Required work
Exact reproduction, images excluded: write out the records below.

Short web captions
┄┄┄┄┄┄

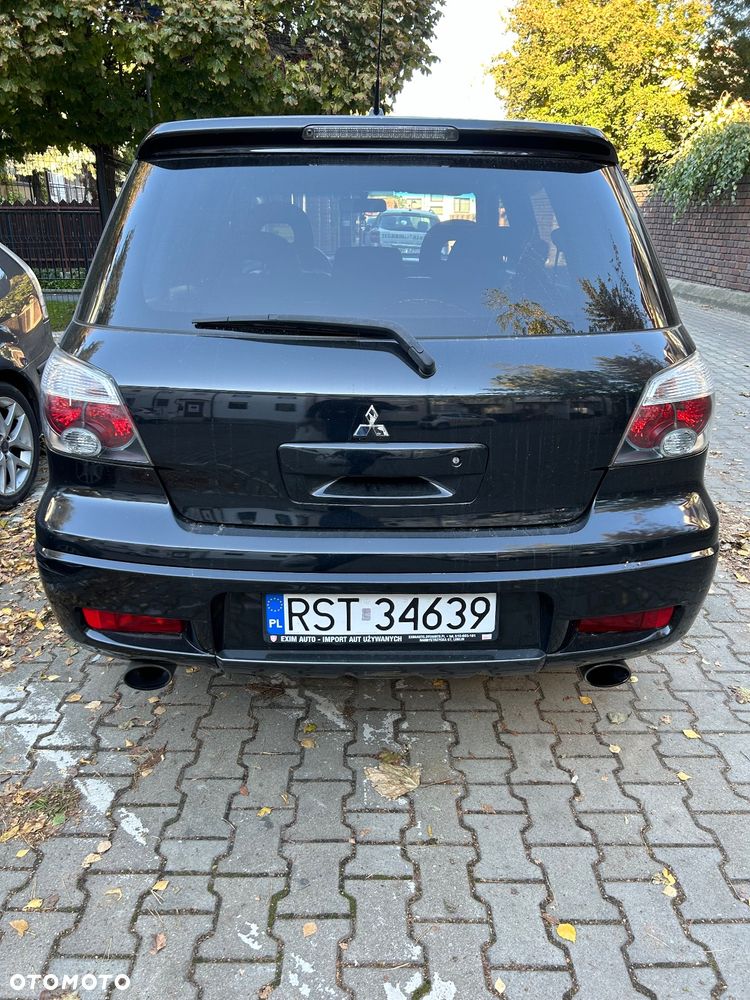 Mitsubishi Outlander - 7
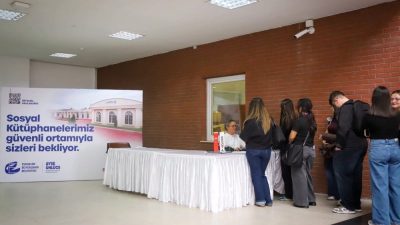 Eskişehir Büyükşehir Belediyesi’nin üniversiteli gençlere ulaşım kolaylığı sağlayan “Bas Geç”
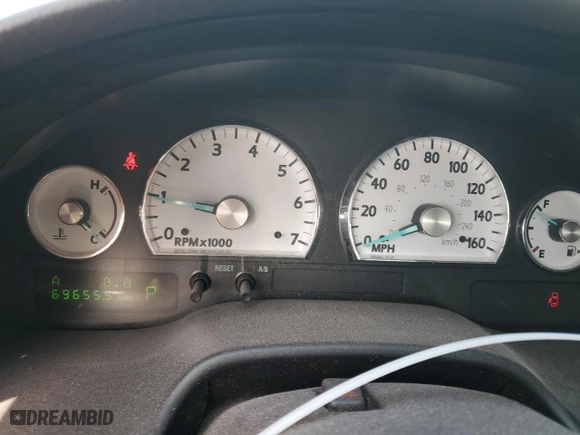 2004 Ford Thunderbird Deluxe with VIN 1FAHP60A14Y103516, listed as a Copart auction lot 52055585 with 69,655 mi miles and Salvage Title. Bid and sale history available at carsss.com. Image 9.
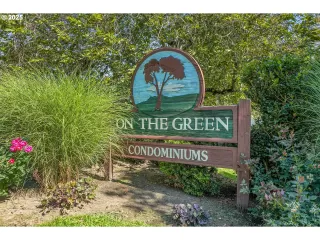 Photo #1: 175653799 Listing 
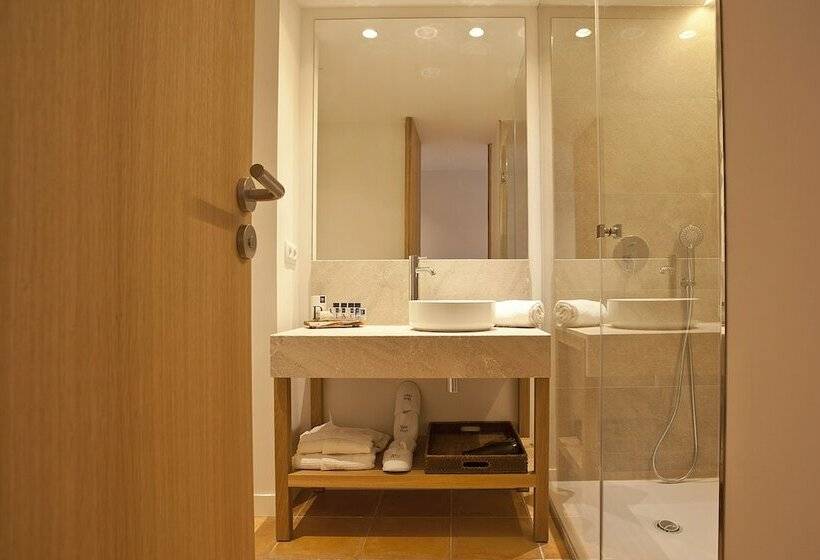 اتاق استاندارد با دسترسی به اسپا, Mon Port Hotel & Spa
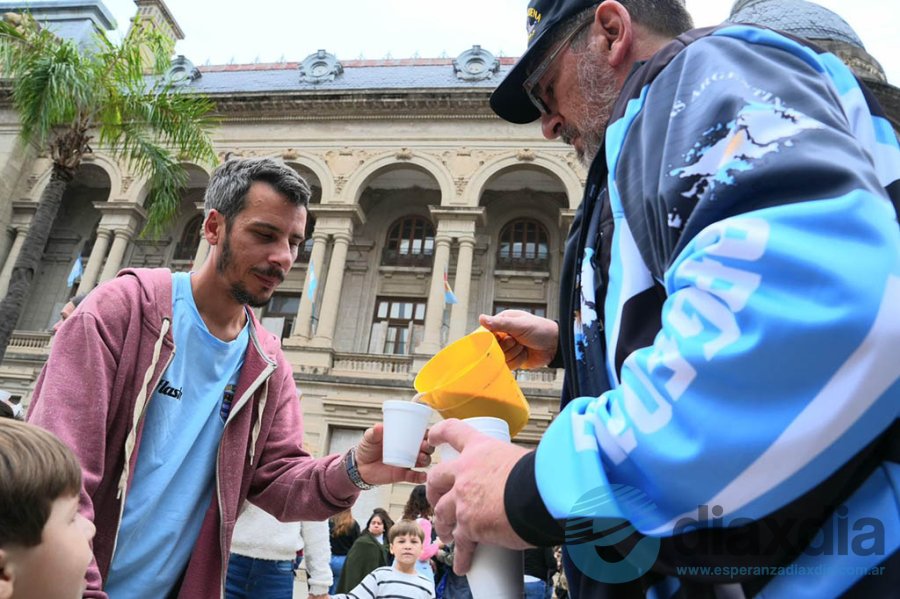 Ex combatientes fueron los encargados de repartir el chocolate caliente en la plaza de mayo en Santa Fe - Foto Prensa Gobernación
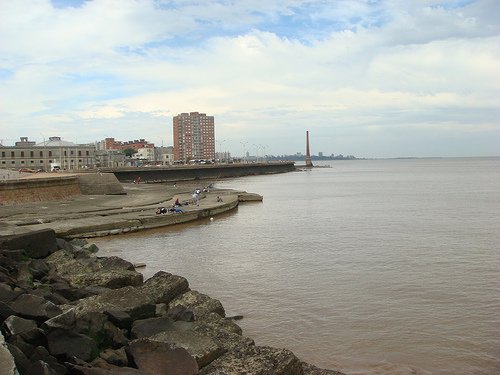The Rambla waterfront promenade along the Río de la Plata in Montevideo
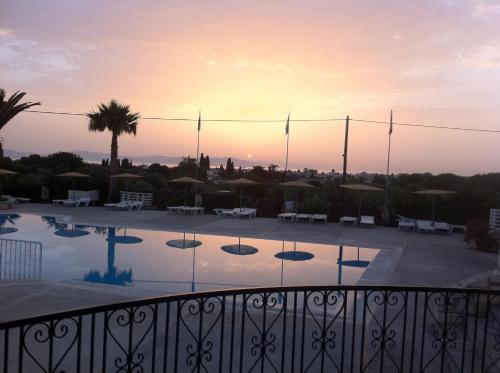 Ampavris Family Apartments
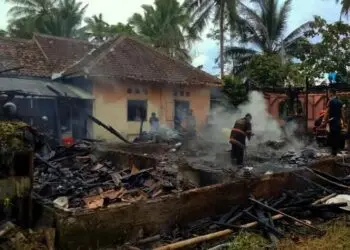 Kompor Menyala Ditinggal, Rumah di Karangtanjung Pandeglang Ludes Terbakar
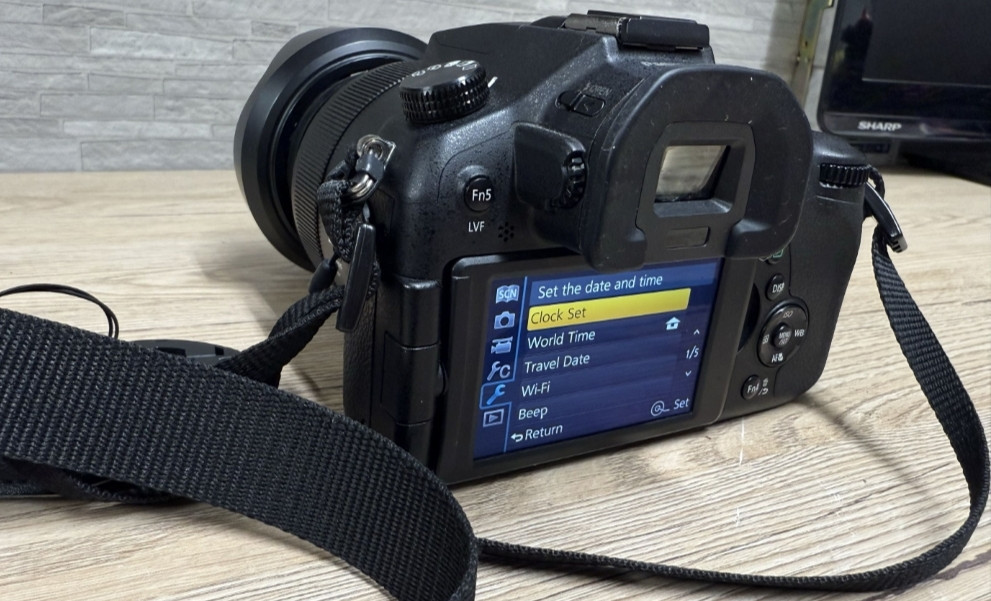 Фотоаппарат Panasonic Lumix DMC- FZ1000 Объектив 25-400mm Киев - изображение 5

┄┄┄┄┄┄

Written response
 Mitsubishi Outlander - 7
 Eskişehir Büyükşehir Belediyesi’nin üniversiteli gençlere ulaşım kolaylığı sağlayan “Bas Geç”
 2004 Ford Thunderbird Deluxe with VIN 1FAHP60A14Y103516, listed as a Copart auction lot 52055585 with 69,655 mi miles and Salvage Title. Bid and sale history available at carsss.com. Image 9.
 Photo #1: 175653799 Listing 
 اتاق استاندارد با دسترسی به اسپا, Mon Port Hotel & Spa
 Ex combatientes fueron los encargados de repartir el chocolate caliente en la plaza de mayo en Santa Fe - Foto Prensa Gobernación
The Rambla waterfront promenade along the Río de la Plata in Montevideo
 Ampavris Family Apartments
 Kompor Menyala Ditinggal, Rumah di Karangtanjung Pandeglang Ludes Terbakar
 Фотоаппарат Panasonic Lumix DMC- FZ1000 Объектив 25-400mm Киев - изображение 5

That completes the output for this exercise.